== DESCRIPTION OF THE TASK ==
Word for word, copy the data that follows and skip its pictures.

== INFORMATION PROVIDED ==
□ □ □ □ □ □ □
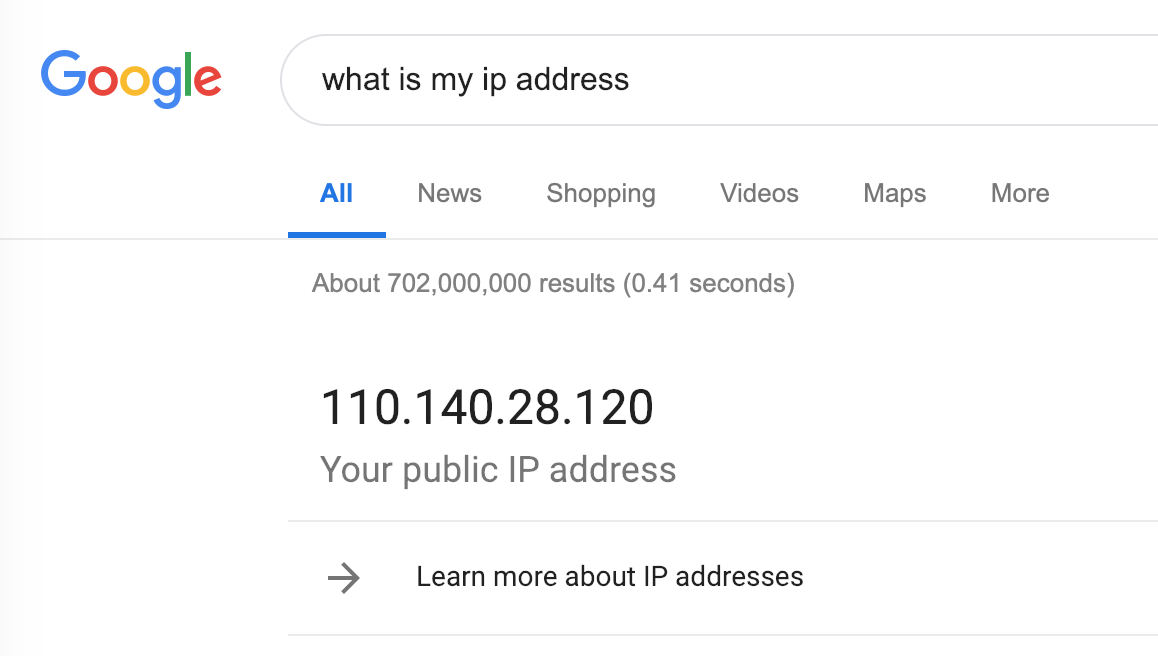What are the IP Address ranges assigned by Telstra to home broadband
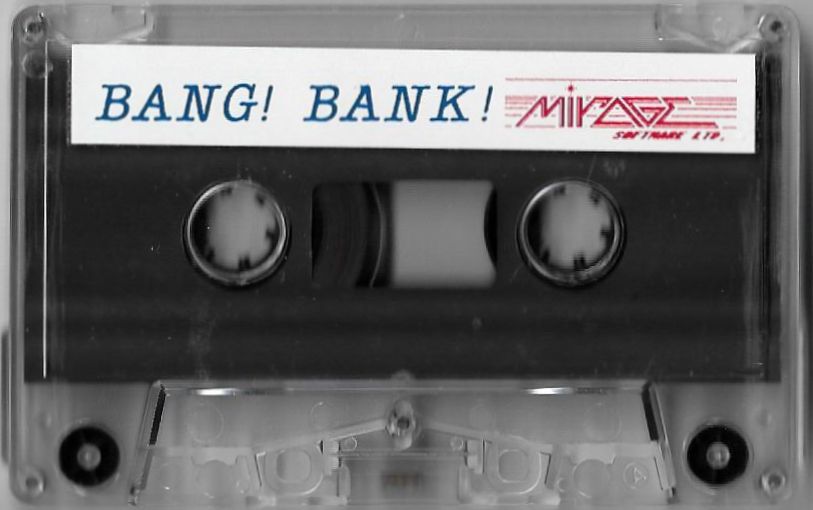 Media for Bang! Bank! (Atari 8-bit)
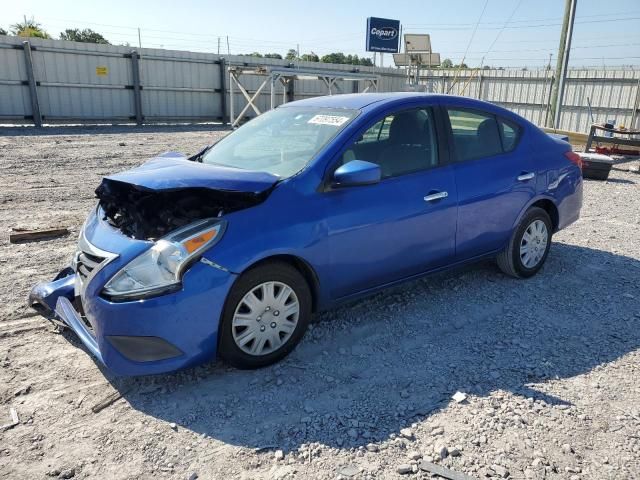 2017 Nissan Versa S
□ □ □ □ □ □ □
== TASK SOLUTION ==
What are the IP Address ranges assigned by Telstra to home broadband
 Media for Bang! Bank! (Atari 8-bit)
 2017 Nissan Versa S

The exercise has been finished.